Description of Task 2.2.1 – Select the proper type of analysis and appropriate tool for the field of study

This task consists of first choosing the type of analysis that is appropriate for processing concepts, ideas, facts, observations and data. It also aims at choosing the proper software application according to the type of analysis selected.

Supplemental Information

Students choose the best type of analysis for their project according to the nature and format of the information to process and of the nature of the operation they wish to carry out with it.

The objectives and the analysis approach vary depending on the work to accomplish. One might want to:

  • compare elements of information, e.g. to validate what coincides or what is similar;
  • judge or criticize;
  • classify, structure, associate or organize;
  • link elements together;
  • summarize;
  • highlight trends or observe developments;
  • compile or extract;
  • calculate, merge or transform;
  • classify or sort;
  • explain results or draw conclusions.

Requirements - Suggestions

Since information analysis often means using specialized tools, students have less freedom in their choices related to types of analysis and which tools to use. However, it is important for students to know how to associate the choices made by teachers in their program of study to characteristics, criteria and constraints, and that they be aware what other comparable tools exist. Students will then be able to select a type of analysis that goes with the proper tool while pursuing their studies or when in the labour market.

Potential Tools

Here are some examples of tools that are applicable to college studies:

  • statistics using a spreadsheet (i.e. Excel, Google Sheets, Numbers or Calc), or a specialized tool (i.e.
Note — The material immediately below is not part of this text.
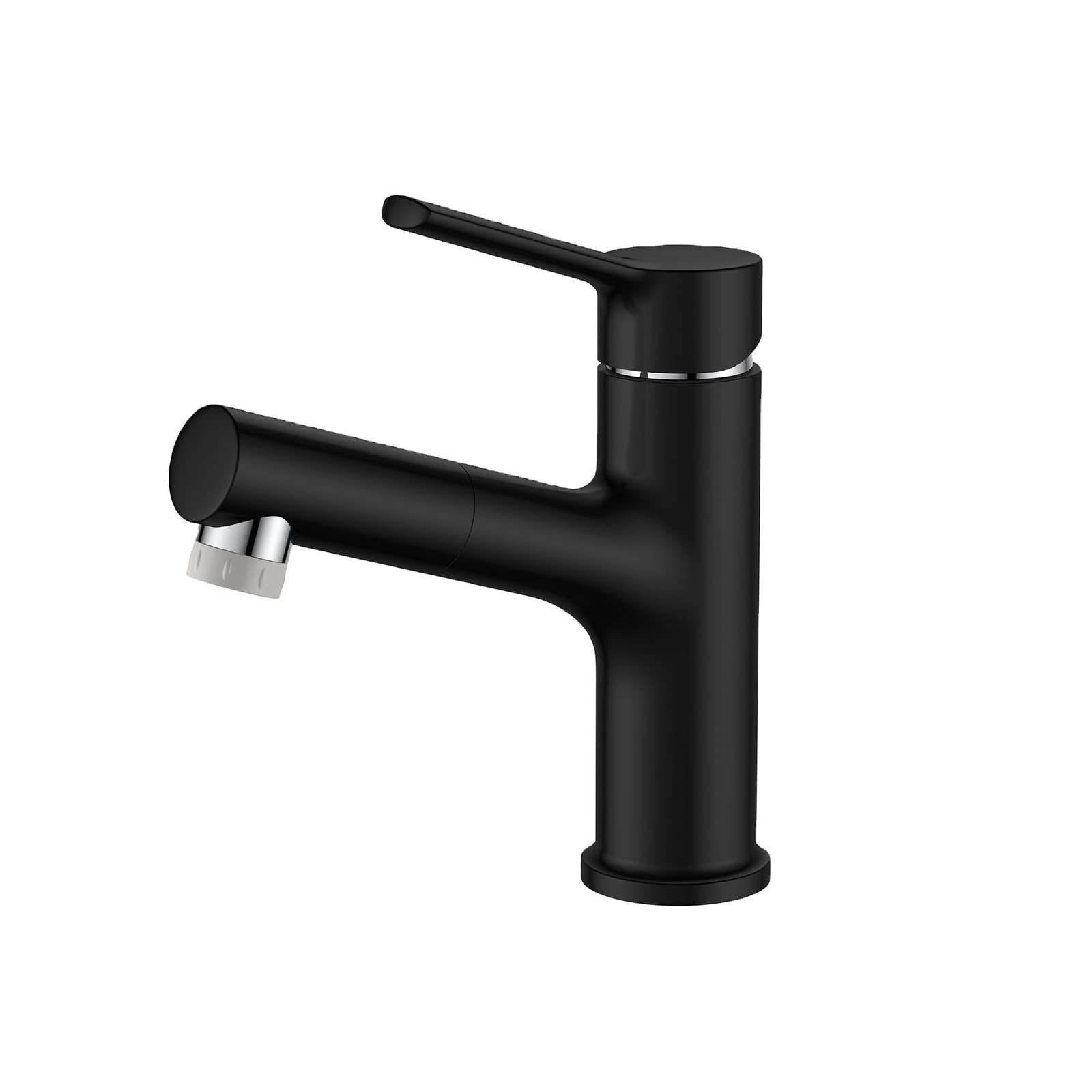 Robinet de salle de bain extractible mitigeur d'évier eau chaude et froide en acier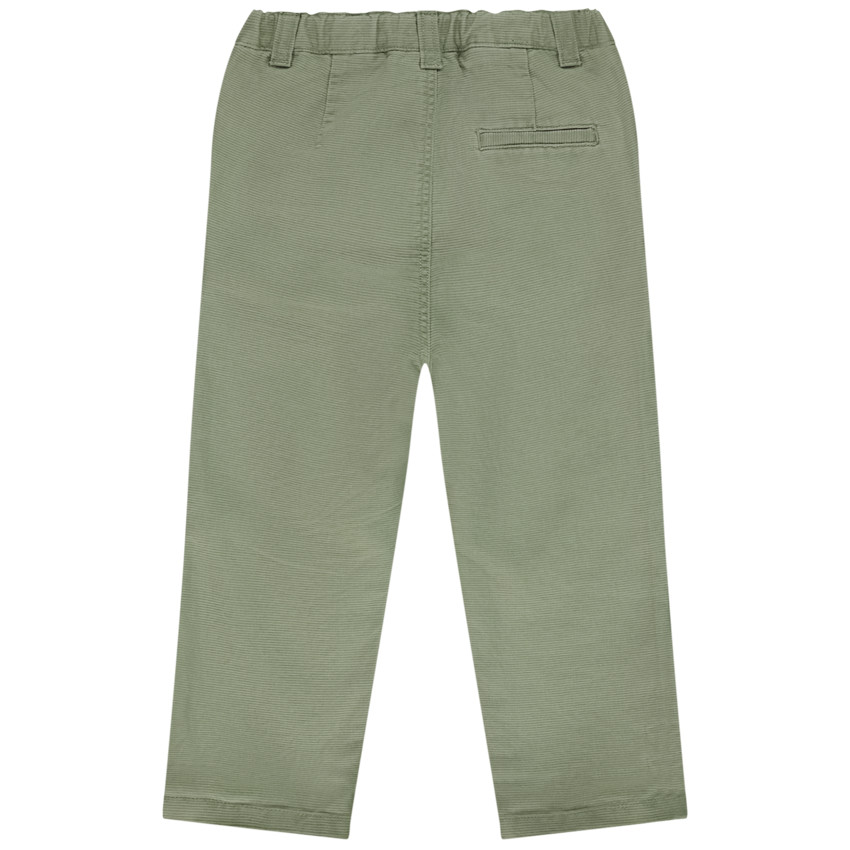 Pantalon en toile armurée unie pour bébé garçon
SPSS, R, Le Sphinx or PSPP);
  • mathematical analysis and problem solving (i.e. Maple or Maxima);
  • tools allowing the analysis of frequency (i.e. a spreadsheet or Wordle);
  • accounting and management suite (i.e. Acomba or Avantage);
  • technical drawing tool (i.e. Autocad);
  • general databases (i.e. Access or Base) or one specialized to a given domain.

In Practice

The ICT Profile philosophy invites teachers to work together because it is important to make the right choices when analyzing information. This objective can be used to clarify a pedagogical team's reflection and decision making in terms of the best means of analyzing information in their area as well as the selection of appropriate specialized tools to be used in the process.

Below are examples of analytical activities applicable to college studies:

  • statictical analysis in commercial research or while learning quantitative methods using surveys in Business Administration or Social Science;
  • analyzing lab data following data acquisition;
  • complex mathematical calculations and problem solving;
  • literary analysis in English;
  • financial analysis in accounting and management;
  • analysis of textures, colours or 3D Design in Interior Design or Presentation Design.